## Task instructions
Below are the records. Reproduce the line that contains "200 Calle Isabel, San" and every line after it to the end, exactly and alone.

## Dataset content
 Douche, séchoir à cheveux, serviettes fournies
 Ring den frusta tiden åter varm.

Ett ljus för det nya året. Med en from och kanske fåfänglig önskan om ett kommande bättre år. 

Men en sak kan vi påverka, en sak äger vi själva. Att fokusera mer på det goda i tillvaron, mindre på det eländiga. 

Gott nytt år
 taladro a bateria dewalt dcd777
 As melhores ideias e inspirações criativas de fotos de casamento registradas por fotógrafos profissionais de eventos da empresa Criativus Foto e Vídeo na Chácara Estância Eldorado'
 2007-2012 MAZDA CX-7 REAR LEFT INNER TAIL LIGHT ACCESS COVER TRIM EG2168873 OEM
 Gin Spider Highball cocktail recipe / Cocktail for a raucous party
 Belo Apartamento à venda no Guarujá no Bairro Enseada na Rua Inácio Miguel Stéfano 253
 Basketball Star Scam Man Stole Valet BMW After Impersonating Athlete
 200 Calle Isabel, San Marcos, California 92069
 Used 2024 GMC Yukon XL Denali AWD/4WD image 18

## Written solution
 200 Calle Isabel, San Marcos, California 92069
 Used 2024 GMC Yukon XL Denali AWD/4WD image 18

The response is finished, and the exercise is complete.